CG技術もとにかくすごい。毛並みや筋肉の動きまで精密に描かれているし、大自然の風景も「これ、もはや本物以上じゃね?」ってくらい綺麗。いったいどれだけの時間と労力が費やされているのか……。
ストーリーはストレートかと思いきや意外と盛りだくさん。
ムファサの悲劇、タカとの出会い、逃亡劇、理想郷を目指す旅、そしてムファサとタカ
、途中で仲間になるメスライオンのサラビ(後の王妃)との三角関係。

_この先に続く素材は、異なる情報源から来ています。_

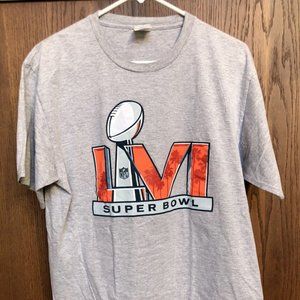 Super Bowl LVI T-Shirt Large Gray Caesars NFL Football 2022 LA Rams Bengals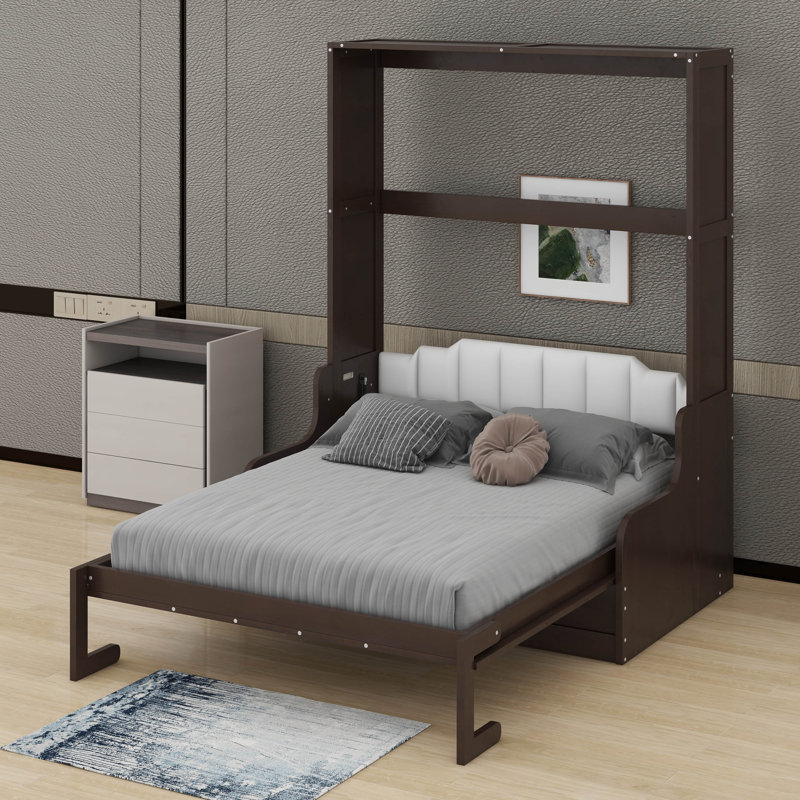 Grand lit escamotable avec coussin, Espresso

この三角関係がなかなかしんどい。
サラビに初恋を奪われたタカはムファサに協力してもらいながら距離を縮めようとするけど、ムファサの圧倒的なカリスマ性に惹かれていくサラビ…。
タカはどうしても兄弟が欲しくて父の反対を押し切り、ムファサを群れに迎え入れたのに、初恋の人も王座も奪われ、さらにはその後も同じ群れで暮らすしかないなんて…。
そりゃ闇堕ちしますわなって思った。
音楽もやっぱり良い。
アフリカンミュージックの高揚感と広大な大地を駆ける映像の相性が抜群で、鳥肌が立つ瞬間が何度もあった。ミュージカルにもなるくらいだから、「ライオン・キングといえば音楽」って感じで、今回も最高!
そして地味に感動したのが構成。
まっさらなサバンナから草木生い茂る理想郷「ミレーレ」を目指すのがストーリーラインの1つとしてあるけど、序盤に「ミレーレ」の話をするときに出てくるイメージ映像を見ても「広大なサバンナ→広大な草原」くらいの変化で、正直感動は薄いなと思っていた。
そこで間に挟まれるのが、冒険の途中で雪山を越えるという展開。このパートがあることで視界の狭さや画面全体の暗さ、彩度の低さが一気に増す。この落差のおかげで、最後に「ミレーレ」に到達した瞬間の広大さや色鮮やかさ、爽快感がより際立っていた。
このエッセンスはほかでも転用できそうだし、実際にされているんだろうなとも思った。
めちゃくちゃおすすめだけど、もし観に行くなら前作の超実写版『ライオン・キング』を観てから行くべき。ムファサが王になりスカーに恨まれるというゴールが分かっているからこそ、仲良くじゃれ合う幼少期を観たとき「どうしてスカーはこんなにムファサを憎むようになったんだろう」っていう疑問から今作の結末がどう着地するのか、よりワクワクする。めっちゃ良かった〜!